The play portrays a family struggling to grapple with the realities and consequences of each member's failings. The parents and two sons blame and resent each other for various reasons; bitterness and jealousy serve as proxies for ultimately failed attempts at tenderness and compassion. The family's enduring emotional and psychological stress is fueled by their shared self-analysis, combined with articulate honesty. The story deals with addiction, unfulfilled dreams, moral flaws, and the struggle of family relationships.

==Synopsis==

===Act I===
Living-room of the Tyrones' summer home, 8:30 am on a day in August, 1912
James Tyrone is a 65-year-old actor who had long ago bought a "vehicle" play for himself and had established his reputation based on this one role in which he had toured for years.
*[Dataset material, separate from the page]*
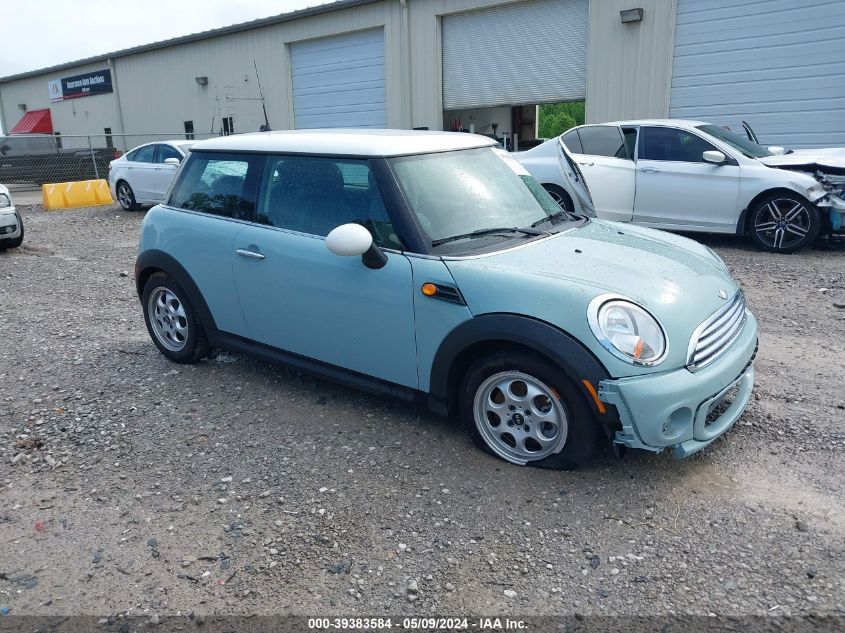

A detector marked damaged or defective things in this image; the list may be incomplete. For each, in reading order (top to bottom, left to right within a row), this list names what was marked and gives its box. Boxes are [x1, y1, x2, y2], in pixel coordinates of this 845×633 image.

damaged white car [520, 119, 844, 253]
Although that "vehicle" had served him well financially, he is now resentful that his having become so identified with this character has limited his scope and opportunities as a classical actor. He is a wealthy but somewhat miserly man. His money is all tied up in property, which he hangs onto despite impending financial hardship. His dress and appearance are showing signs of his strained financial circumstances, but he retains many of the mixed affectations of a classical actor in spite of his shabby attire.

His wife Mary recently returned from treatment for morphine addiction and has put on some much-needed weight as a result. (Mary's troubles are alluded to, but not made clear until much later in the play.) She is looking much healthier than the family has been accustomed to, and they remark frequently on her improved appearance. However, she still retains the haggard facial features of a long-time addict. As a recovering addict, she is restless and anxious. She also suffers from insomnia. When Edmund, her younger son, hears her moving around at night and entering the spare bedroom, he becomes alarmed, thinking she is succumbing to her addiction. He questions her about it indirectly, but she reassures him that she just wanted to get away from her husband's snoring.

In addition to Mary's problems, the family is burdened by Edmund's coughing; they fear that he might have consumption (tuberculosis), and are anxiously awaiting a doctor's diagnosis. Edmund is more concerned about the effect a positive diagnosis might have on his mother than on himself. The constant possibility that she might relapse worries him still further.

===Act II===
The same, around 12:45 pm; and about a half-hour later
Jamie and Edmund taunt each other about stealing their father's alcohol and watering it down so he won't notice. They speak about Mary's conduct. Jamie berates Edmund for leaving their mother unsupervised. Edmund berates Jamie for being suspicious. Both, however, are deeply worried that their mother's addiction may have resurfaced. Jamie points out to Edmund that they had concealed their mother's addiction from him for ten years, explaining that his naiveté about the nature of the disease was understandable but deluded. They discuss the upcoming results of Edmund's tests for tuberculosis, and Jamie tells him to prepare for the worst.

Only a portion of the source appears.